Webhooks are a critical component of modern web applications, particularly when dealing with real-time communication from external services like payment gateways. When properly configured, webhooks allow services to push data to your system, enabling instantaneous event tracking, payment confirmations, or updates. However, this system depends heavily on accessibility and reliability. In the case examined here, the webhook listener was deployed behind a VPN, which led to consistent delivery failures from payment gateways.
TLDR
When hosting a webhook receiver behind a VPN, external services like payment gateways cannot reach it due to restricted network visibility. This results in webhook failures and can lead to serious synchronization issues in your systems. The solution is to introduce a public relay server combined with a secure tunneling mechanism to forward incoming HTTPS requests to your private backend. This article explains how this architecture was implemented and outlines key takeaways to ensure reliable handling of webhook events.
Understanding the Issue
To start with, it’s essential to understand how webhooks work. A webhook is essentially an HTTP callback: a mechanism through which one service can notify another about an event via an HTTP POST request. The URL receiving the request must be publicly accessible so that the source system—such as Stripe, PayPal, or Square—can deliver the payload in real-time.

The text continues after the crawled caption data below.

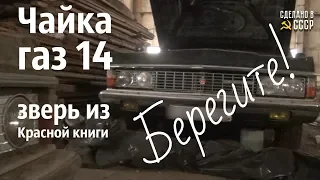 Чайка ГАЗ 14 - ЗВЕРЬ из КРАСНОЙ книги!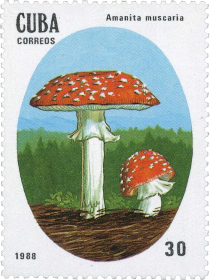 Amanita Muscaria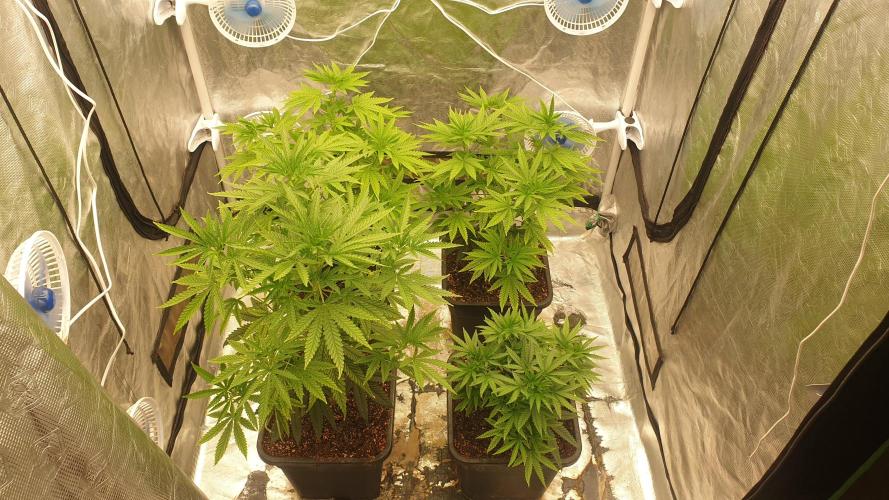 Lemonpaya Organic. Week 6 - day46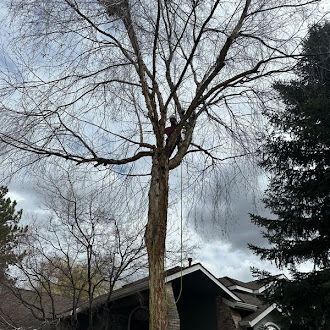 A man is climbing a tree in front of a house.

In this case, the listener was placed behind a VPN. This meant that even though the internal system could initiate outbound requests, it was invisible to the public internet. Payment gateways trying to push webhooks received timeouts or 403/404 errors depending on their retry and error-handling logic.
Most payment gateways assume the destination webhook URL is a live HTTP endpoint accessible through the public internet, and will fail—often silently—if it’s not reachable. These failures triggered missed payment events and incorrect system states.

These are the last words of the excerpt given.